#### [Exercise prompt]
From the line that contains "Tineco iFLOOR 5" through the end of the records below, write out each line exactly as it appears, but not the pictures.

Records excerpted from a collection
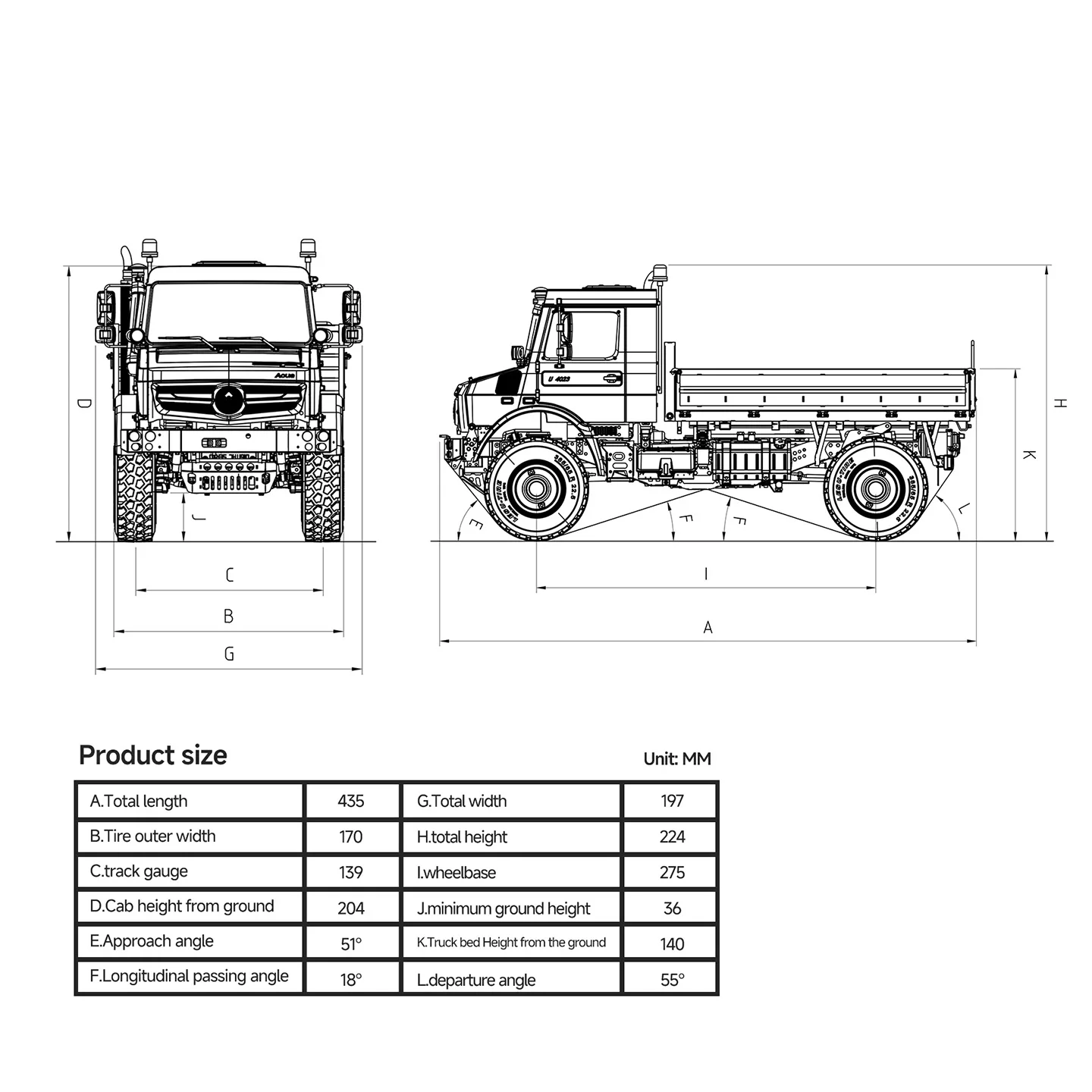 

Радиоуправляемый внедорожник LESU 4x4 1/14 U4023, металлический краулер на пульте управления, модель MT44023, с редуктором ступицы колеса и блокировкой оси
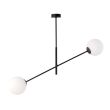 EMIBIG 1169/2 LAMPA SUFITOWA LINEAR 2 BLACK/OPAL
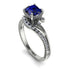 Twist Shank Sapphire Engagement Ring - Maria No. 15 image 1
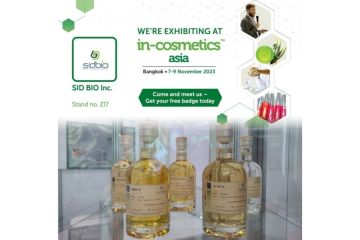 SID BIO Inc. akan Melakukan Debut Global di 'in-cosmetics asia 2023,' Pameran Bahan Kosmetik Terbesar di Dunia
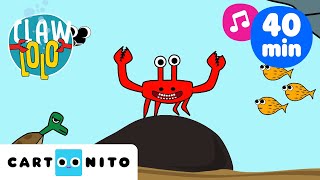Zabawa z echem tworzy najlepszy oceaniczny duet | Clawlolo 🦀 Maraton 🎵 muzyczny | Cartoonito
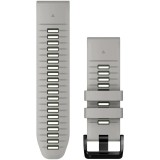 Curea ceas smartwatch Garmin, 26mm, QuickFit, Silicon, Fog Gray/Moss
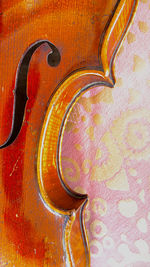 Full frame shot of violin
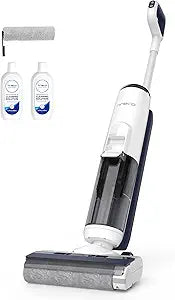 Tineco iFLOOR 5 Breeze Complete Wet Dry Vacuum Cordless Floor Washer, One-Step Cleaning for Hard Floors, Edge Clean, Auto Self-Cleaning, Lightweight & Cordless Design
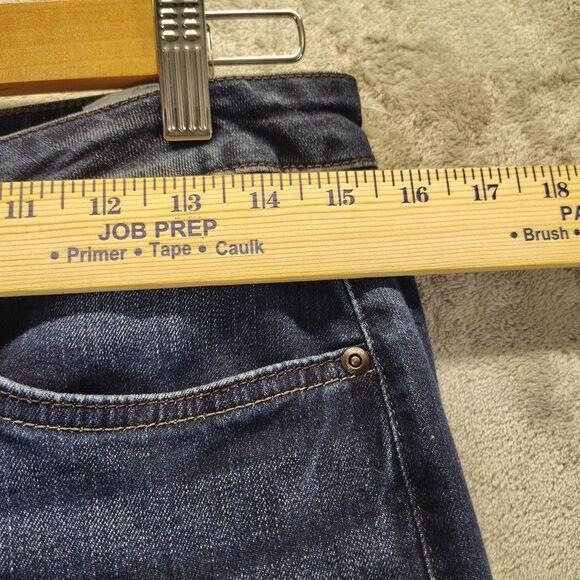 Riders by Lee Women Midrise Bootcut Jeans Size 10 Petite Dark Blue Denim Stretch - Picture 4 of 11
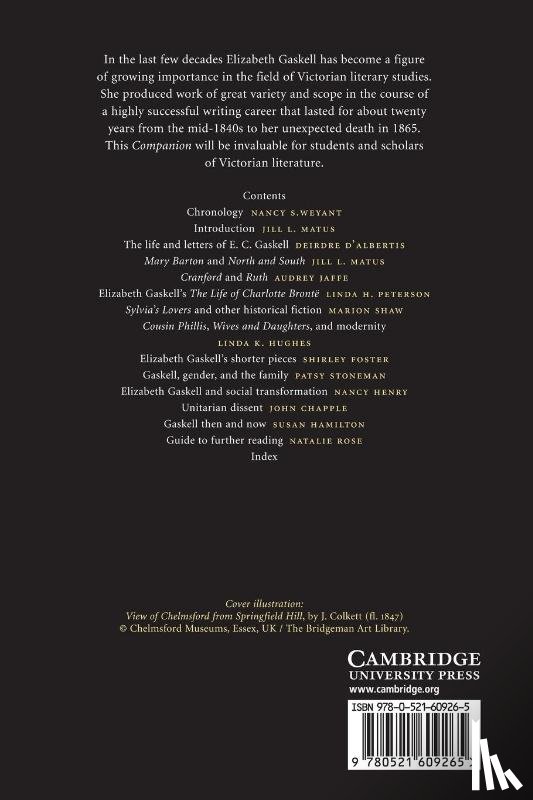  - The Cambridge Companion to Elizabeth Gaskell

#### [Answer area]
 Tineco iFLOOR 5 Breeze Complete Wet Dry Vacuum Cordless Floor Washer, One-Step Cleaning for Hard Floors, Edge Clean, Auto Self-Cleaning, Lightweight & Cordless Design
 Riders by Lee Women Midrise Bootcut Jeans Size 10 Petite Dark Blue Denim Stretch - Picture 4 of 11
  - The Cambridge Companion to Elizabeth Gaskell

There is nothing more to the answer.